Le commentaire du mahāsatipaṭṭhānasutta mentionne quatre types de moines partant quêter leur nourriture, le quatrième qui se lève tôt, pratique toute la journée, est attentif quand il part quêter sa nourriture au village et en revient, est le meilleur. En retraite intensive, nous nous comportons comme ce moine. Voici quatre récits issus des commentaires qui illustrent ce type de pratique:

❶ L’ancien Mahāphussa pratiquait ainsi depuis 19 ans. Les villageois se posaient des questions car il revenait parfois sur ses pas quand il avait été inattentif, mais ils n’en tenaient pas compte. La vingtième année, il devînt arhat, alors qu’une déité éclairait ses pas de ses doigts. Brahmā Sahampati, Sakka et les quatre régents de la Terre vinrent lui rendre hommage. L’ascète Mahātissa lui demanda le lendemain d’où provenaient ces lumières qu’il avait vues la veille. Mahāphussa éluda la question mais révéla finalement son illumination.

❷ L’ancien Mahānāga du pavillon de la plante grimpante avait résolu de ne jamais se coucher ou s’asseoir sept ans durant. Il ne levait jamais le pied sans attention. Il ajustait sa robe ocre à une telle distance du village que l’on ne pouvait dire s’il s’agissait d’un bhikkhu ou d’une vache. (Quand ils se rendent au village, les moines enroulent un pan de leur robe pour couvrir leur épaule gauche.

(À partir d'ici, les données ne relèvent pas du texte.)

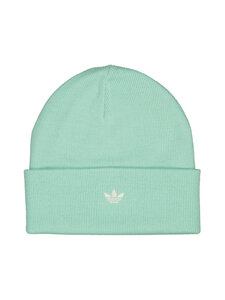 adidas Originals - Adicolor-pipo - KB3011 CLEMIN adidas Originals - Adicolor-pipo - KB3011 CLEMIN | Stockmann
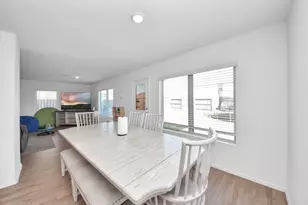 19639 Rupetti Dr, New Caney, TX 77357 - Photo 11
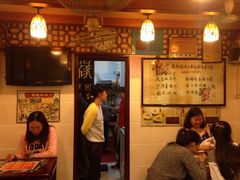 -玫瑰甜品(文明路店)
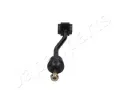 JAPANPARTS Stabilizátor podvozku JPP SI-924, SI-924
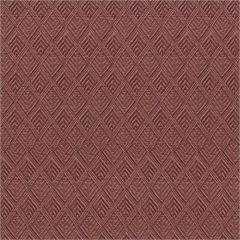 Castle Privacy / Bedspread Fabric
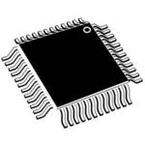 STM8AL3LE88TAY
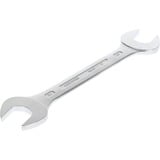 GEDORE 6068120 llave fija, Llave de tuercas cromado, 504 g, 105 mm, 70 mm, 1 pieza(s)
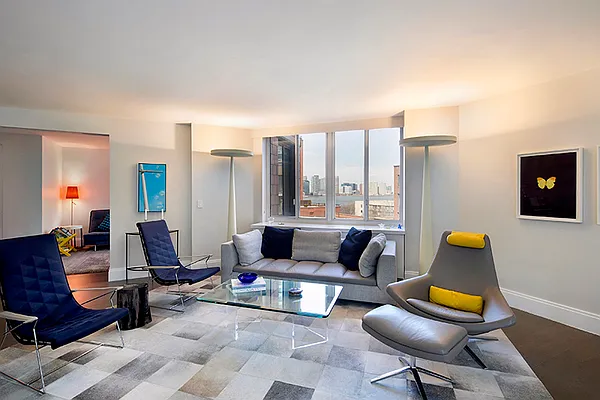 Sold by Brown Harris Stevens | media 4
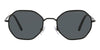 Giorgio Armani AR6112J #colour_matte black/dark grey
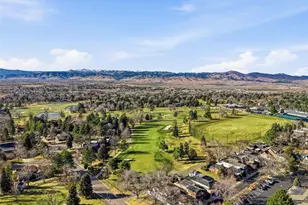 4788 Briar Ridge Trail, Boulder, CO 80301 - Photo 43
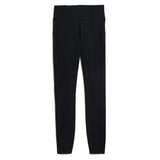 M&S Goodmove Recycled Black leggings, imported from the UK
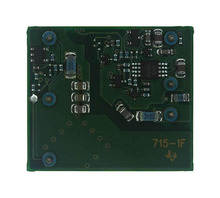 PTMA402050A1AZ Image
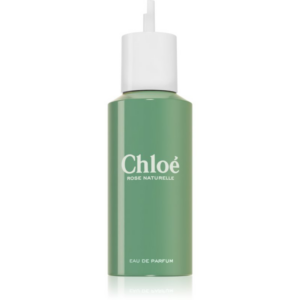 Chloé Rose Naturelle Eau de Parfum töltelék hölgyeknek 150 ml-Ár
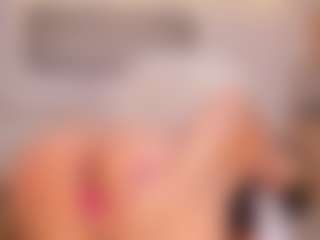 amelie-jhons's Live Sex Cam Show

Ils rincent aussi leur bol afin que la nourriture ne colle pas aux parois). Mahānāga gardait en bouche un peu d’eau de sa gourde. Quand on leur offre l’aumône, les moines prononcent en effet habituellement une bénédiction. (Abhivādeti, ‘rendre hommage’, signifie littéralement ‘forcer à parler’). Il arrive souvent aussi que des laïcs interrogent les moines. Pour ne pas répondre distraitement, Mahānāga gardait l’eau en bouche, l’avalait, répondait, puis reprenait de l’eau en bouche. Après 23 ans, il devînt arhat.

❸ Les cinquante moines du vihāra ‘havre de Kalamba’ avaient résolu de passer le vassa ensemble et garder le silence tant qu’ils ne seraient pas arhats. Il ne s’agit pas du ‘vœu des sots muets’ critiqué par le Buddha, mais de limiter la parole au strict nécessaire. Comme Mahānāga, ils s’emplissaient la bouche d’eau et la crachaient s’ils étaient interrogés, puis reprenaient de l’eau en bouche. Les gens crurent un temps qu’ils s’étaient disputés, avant de constater qu’il n’en était rien. Ils pratiquèrent ainsi de la pleine lune de juillet (début du vassa) à la cérémonie du pavāraṇā en octobre qui qui clôture le vassa. Étant devenus arhats, ils n’avaient plus rien à confesser comme il est d’usage pour cette cérémonie.

❹ Certains moines suivent l’exemple de Mahānāga et des cinquante moines. Ils restent attentifs à tout moment, évitent les rues où ils voient des soulards, des gangsters, des éléphants ou des animaux agités. Ils ne se hâtent pas et sont toujours dignes. Ils pratiquent la noble mendicité, et ne demandent rien, attendent devant une porte et s’éloignent s’ils constatent la moindre réticence à donner. Ils se rendent parfois au réfectoire du village réservé aux moines, retournent au monastère ou mangent à l’extérieur du village.